THE PROBLEM →
The answer must consist solely of the lines below starting at the one containing "Khaki Zipped Nylon" and ending at the one containing "Guess Delancy Gold", repeated exactly, with both ends included and all pictures omitted.

SOURCE RECORDS →

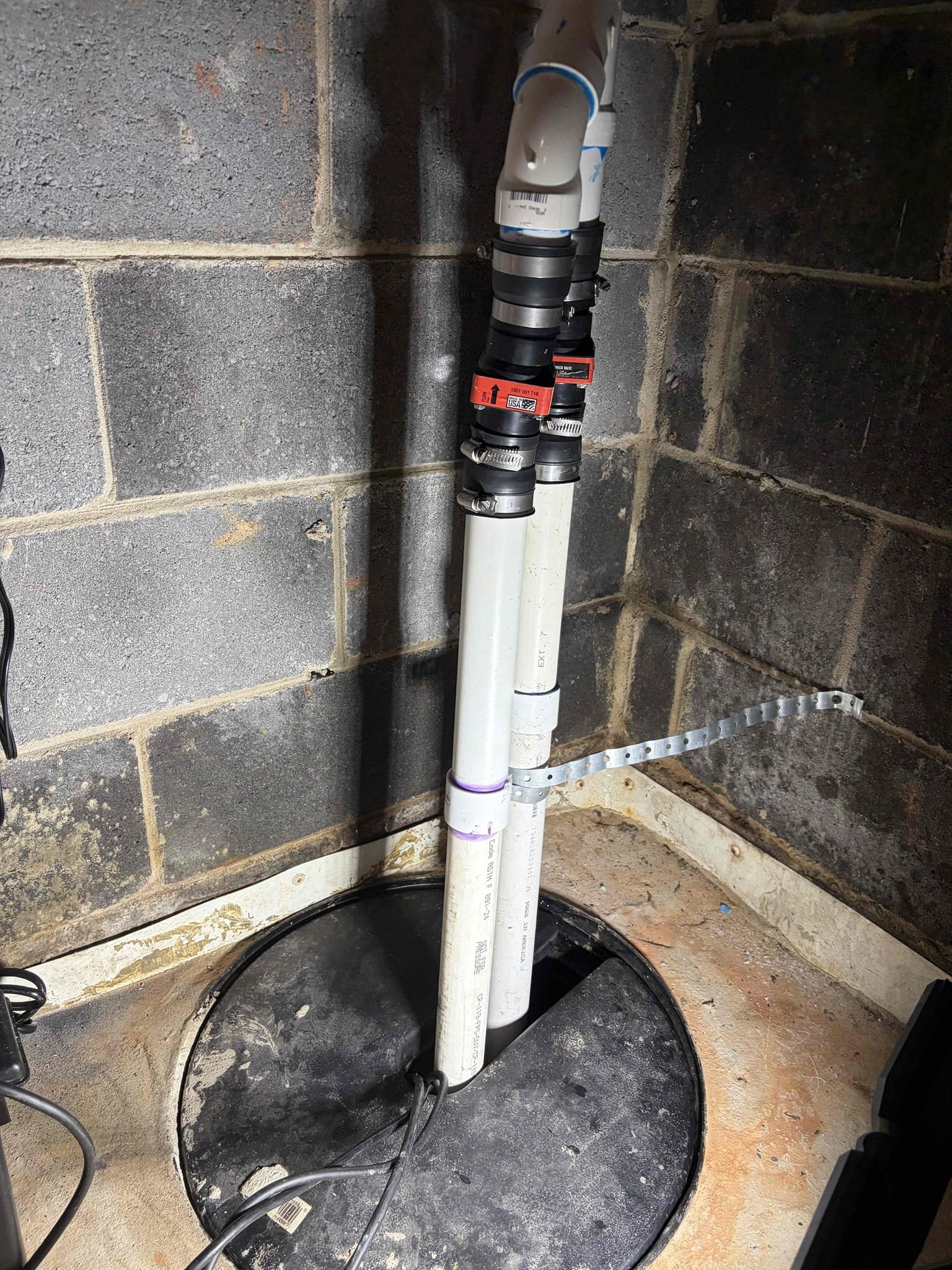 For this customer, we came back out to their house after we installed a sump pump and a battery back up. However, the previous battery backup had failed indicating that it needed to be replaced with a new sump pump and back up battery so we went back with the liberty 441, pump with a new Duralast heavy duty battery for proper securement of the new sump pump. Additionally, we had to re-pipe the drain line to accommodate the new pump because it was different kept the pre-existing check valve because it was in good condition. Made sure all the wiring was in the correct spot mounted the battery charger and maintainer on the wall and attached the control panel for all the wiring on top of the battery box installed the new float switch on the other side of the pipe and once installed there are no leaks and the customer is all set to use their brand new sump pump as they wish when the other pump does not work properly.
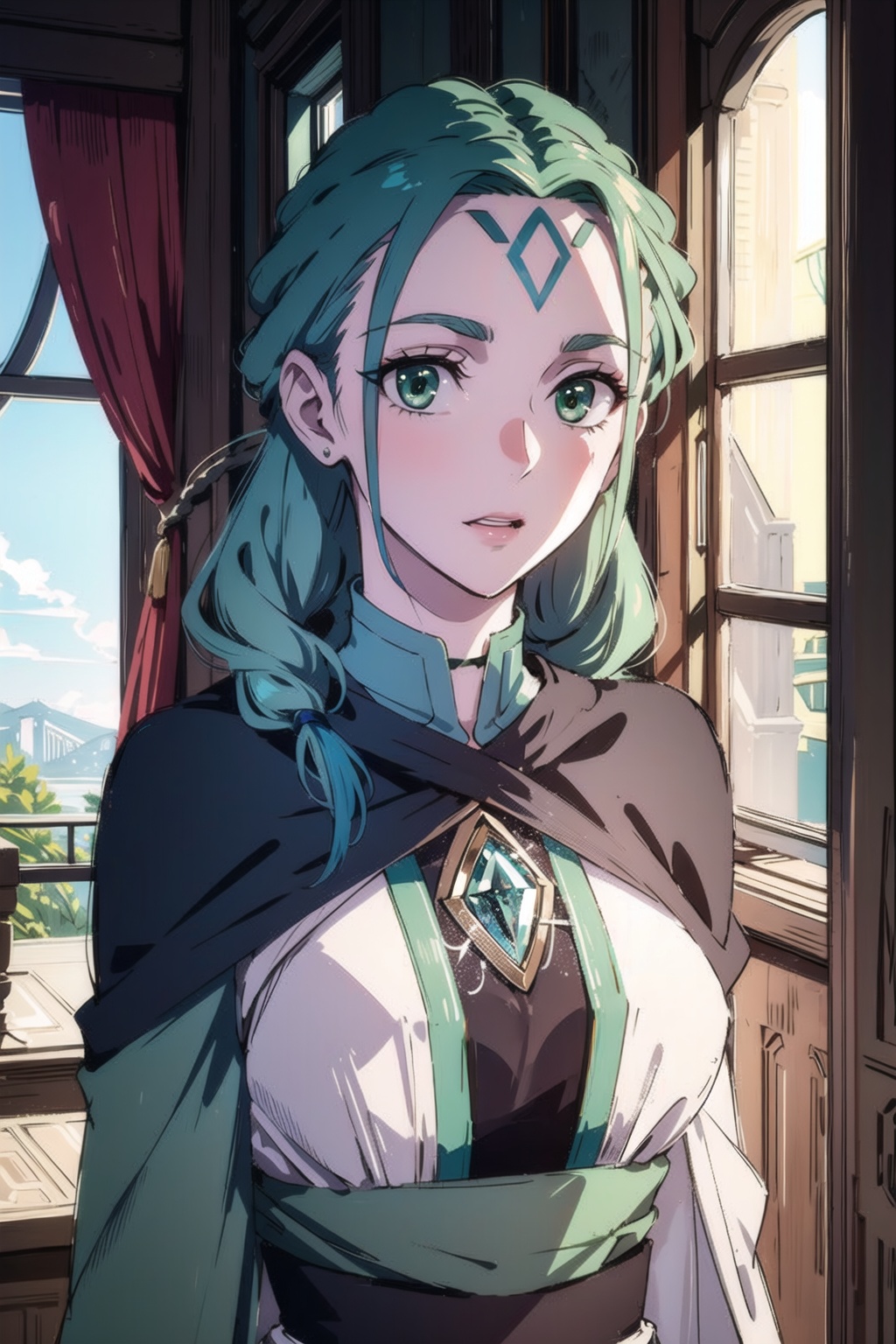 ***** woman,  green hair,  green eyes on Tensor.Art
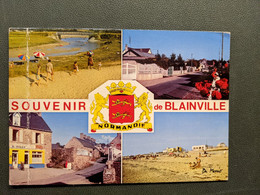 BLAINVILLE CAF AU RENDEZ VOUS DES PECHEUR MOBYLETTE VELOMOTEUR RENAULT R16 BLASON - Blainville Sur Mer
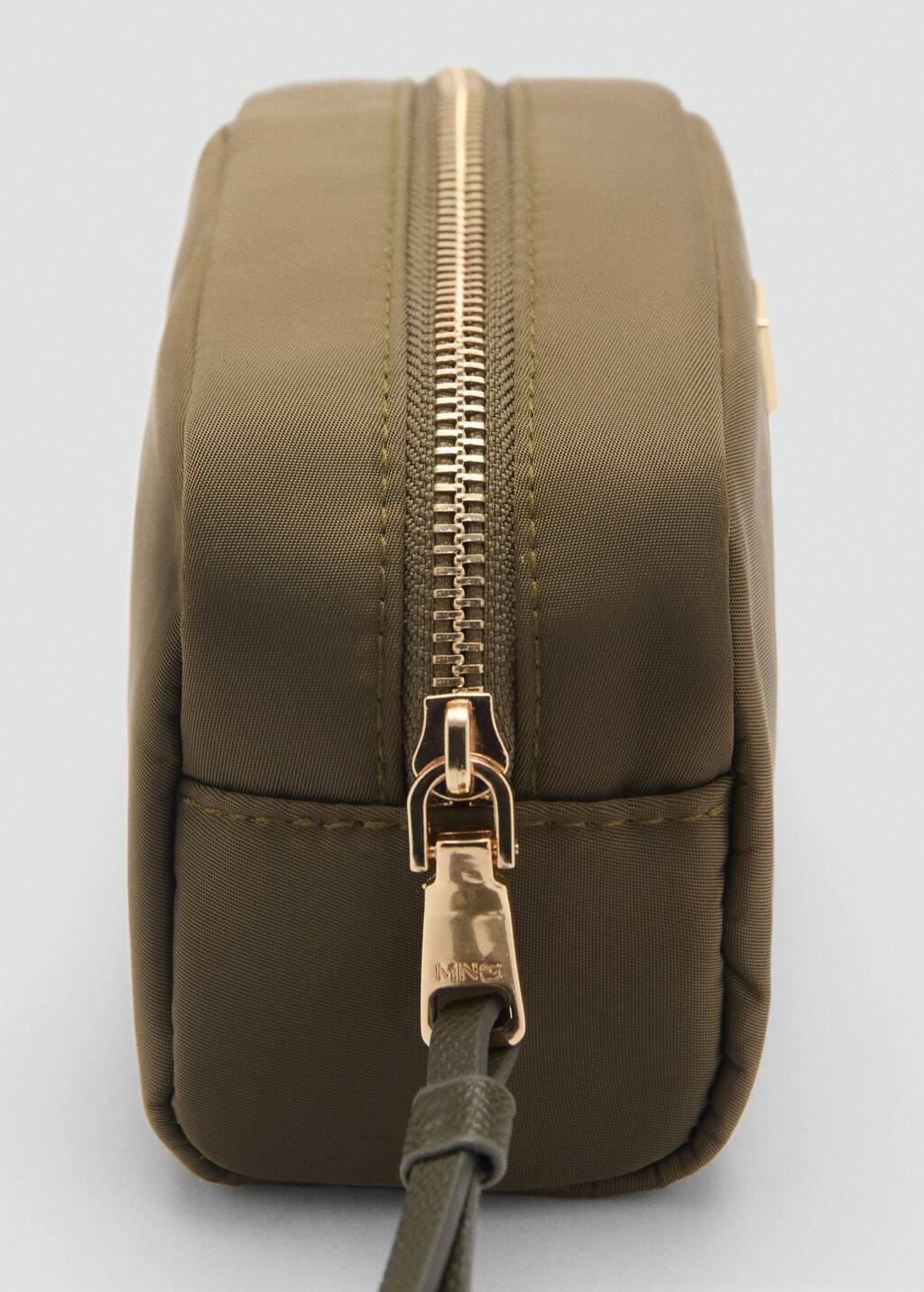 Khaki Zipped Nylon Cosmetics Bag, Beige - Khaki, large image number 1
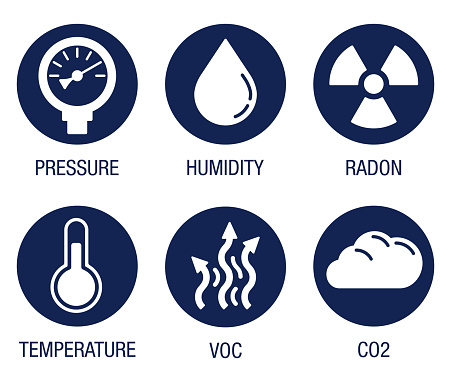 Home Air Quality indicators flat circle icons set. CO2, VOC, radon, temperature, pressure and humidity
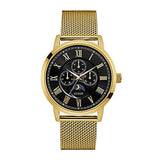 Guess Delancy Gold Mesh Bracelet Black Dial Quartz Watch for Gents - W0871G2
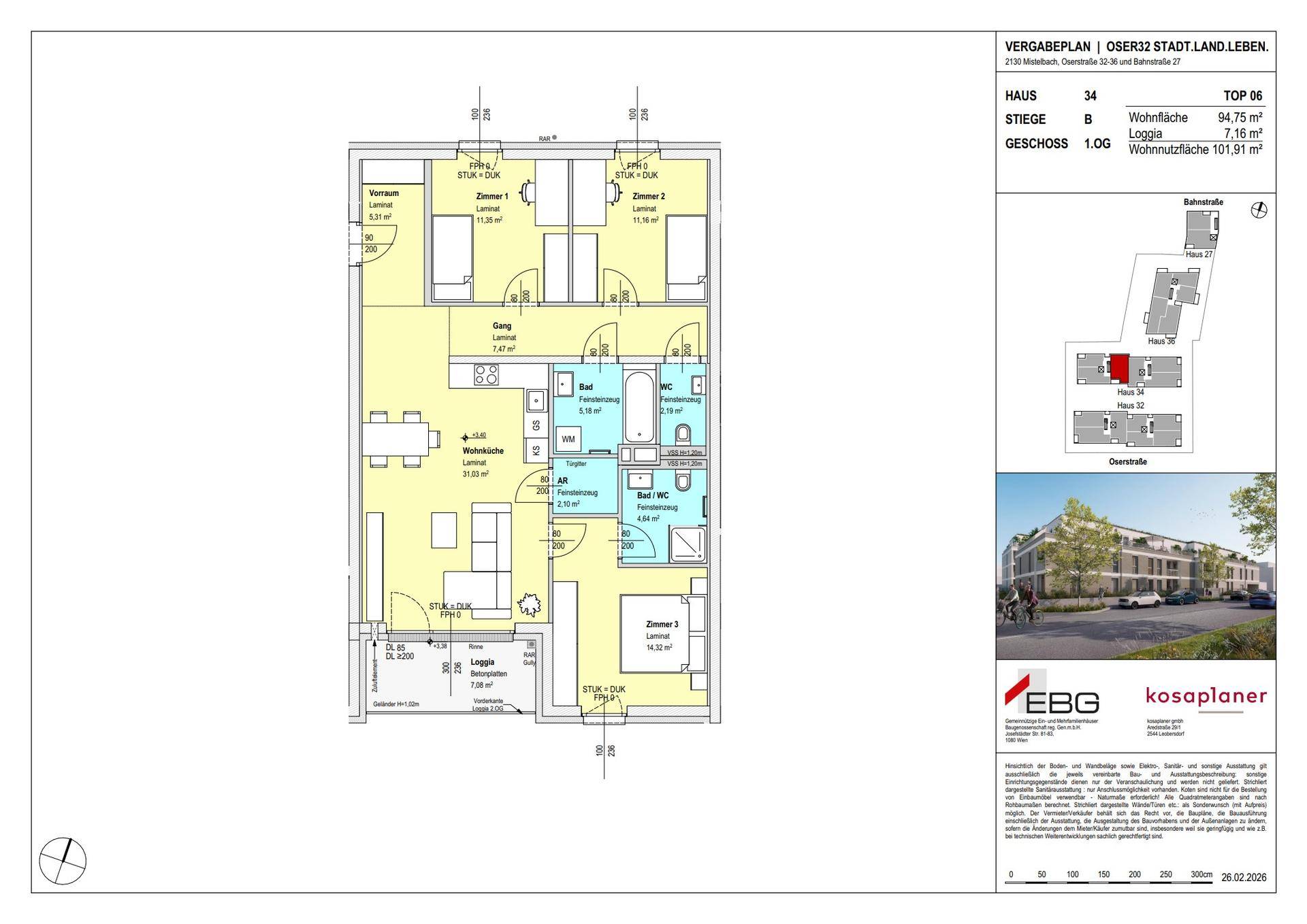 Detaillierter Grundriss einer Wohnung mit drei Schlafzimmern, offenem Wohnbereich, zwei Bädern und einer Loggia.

ANSWER SPACE →
 Khaki Zipped Nylon Cosmetics Bag, Beige - Khaki, large image number 1
 Home Air Quality indicators flat circle icons set. CO2, VOC, radon, temperature, pressure and humidity
 Guess Delancy Gold Mesh Bracelet Black Dial Quartz Watch for Gents - W0871G2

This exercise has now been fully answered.